On the left-hand side choose the item Topics and then click Create Topic. A menu should pop out from the right hand side to configure the topic.

3

Debezium requires kafka to have 3 essential topics named configs, status and offset. For these 3 topics, it is required to set their log cleanup policy as compact. Choose Local Storage and then choose Compact for Log Cleanup Policy.

In this example we will use the names custom_connect_configs, custom_connect_status and custom_connect_offsets

4

1.4. Creating Group ID

To create a group, simply choose the menu Groups and then Create Group. Fill in the Group ID that will be used to connect from debezium.

In this example we will name our group as connect-eb-cluster-custom

5

1.5. Enabling Automatic Topic Creation

Automatic Topic Creation is essential during the initial migration in order to eliminate the time used for topic creation. When using ApsaraMQ for Apache Kafka we need to enable the permission first. To do that simply go to the Instance Details then scroll down and enable the Automatic Topic Creation.

It will take about 15 minutes for the instance to apply this configuration.

6

2.  Configure RDS for PostgreSQL

2.1. Configure Connection

The endpoint of the RDS can be found inside Database Connection menu and next to the Internal Endpoint as shown below. Since the ECS and Kafka instance reside in the same VPC, we can use internal endpoint

7

2.2. Create an Account

Simply select the Account menu on the left-hand side and create database account.

8

2.3. Create a Database

To create a database simply select the Database menu on the left-hand side and create a database. In this example we create database called payment.

9

2.4. Create a Table

Log on to the Database by clicking the button as shown below.
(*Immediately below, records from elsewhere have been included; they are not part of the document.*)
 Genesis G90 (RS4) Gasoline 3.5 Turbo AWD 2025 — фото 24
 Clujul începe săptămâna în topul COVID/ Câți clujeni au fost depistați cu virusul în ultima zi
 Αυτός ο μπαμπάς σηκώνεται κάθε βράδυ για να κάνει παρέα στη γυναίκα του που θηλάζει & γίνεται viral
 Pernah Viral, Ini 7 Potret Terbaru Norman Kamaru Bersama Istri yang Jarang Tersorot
Fill out the necessary information needed including the account and password of the database.

10

Simply run the following query to create a sample table.
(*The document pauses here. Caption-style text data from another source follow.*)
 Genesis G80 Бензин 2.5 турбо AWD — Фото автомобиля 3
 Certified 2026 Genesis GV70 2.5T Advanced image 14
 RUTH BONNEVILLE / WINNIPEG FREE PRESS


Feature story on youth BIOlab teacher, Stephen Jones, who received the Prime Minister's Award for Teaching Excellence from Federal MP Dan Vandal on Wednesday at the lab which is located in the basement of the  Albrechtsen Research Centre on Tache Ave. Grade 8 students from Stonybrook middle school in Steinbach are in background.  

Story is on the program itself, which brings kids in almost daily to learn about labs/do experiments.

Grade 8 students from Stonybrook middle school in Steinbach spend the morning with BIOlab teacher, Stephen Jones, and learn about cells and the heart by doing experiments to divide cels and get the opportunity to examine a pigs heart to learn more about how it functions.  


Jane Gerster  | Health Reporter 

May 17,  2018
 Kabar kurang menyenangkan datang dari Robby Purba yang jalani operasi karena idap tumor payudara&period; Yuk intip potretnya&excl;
CREATE TABLE transaction(id SERIAL PRIMARY KEY, amount int, customerId varchar(36));

insert into transaction(id, amount,customerId) values(51, 12,'37b920fd-ecdd-7172-693a-d7be6db9792c');

3.  Connect to the ECS that is already been created and create a docker-compose.yml file. You can create a file by using vim docker-compose.yml command. This file will pull the docker image of the debezium to be used.

version: '3.1'
services:
    connector:
        image: debezium/connect:latest
        ports:
          - "8083:8083"
        environment:
          GROUP_ID: connect-eb-cluster-custom
          CONFIG_STORAGE_TOPIC: custom_connect_configs
          OFFSET_STORAGE_TOPIC: custom_connect_offsets
          STATUS_STORAGE_TOPIC: custom_connect_status
          BOOTSTRAP_SERVERS: <ApsaraMQ Kafka endpoint>

4.  After all the libraries have already been downloaded. Run this command below:

docker compose up

5.  If there is no error found when running the above command. Go to a new terminal and run the following command. This command is the configuration to create a connection from rds postgres to kafka via debezium.

curl -X POST -H "Accept:application/json" -H "Content-Type:application/json" localhost:8083/connectors/ -d '
{
 "name": "debezium-pg",
 "config": {
 "connector.class": "io.debezium.connector.postgresql.PostgresConnector",
 "tasks.max": "1",
 "database.hostname": "<your-rds-pg-endpoint>",
 "database.port": "5432",
 "database.user": "<your-db-user>",
 "database.password": "<your-db-password>",
 "database.dbname" : "<your-db-name>",
 "database.server.name": "<your-db-name>",
 "database.whitelist": "<your-db-name>",
 "database.history.kafka.bootstrap.servers": "<your-kafka-endpoint>",
 "database.history.kafka.topic": "schema-changes.payment",
 "topic.prefix":"<your-chosen-prefix>",
 "topic.creation.enable":"true",
 "topic.creation.default.replication.factor":12,
 "topic.creation.default.partitions":<num-partition>
 }
}'

6.  Check the log in the previous terminal and see if there is any error found. If no errors found you can go to the Kafka console and check if the topic has been automatically created.

7.  Insert data into the postgres database and see if the messages are able to be sent in real time to kafka.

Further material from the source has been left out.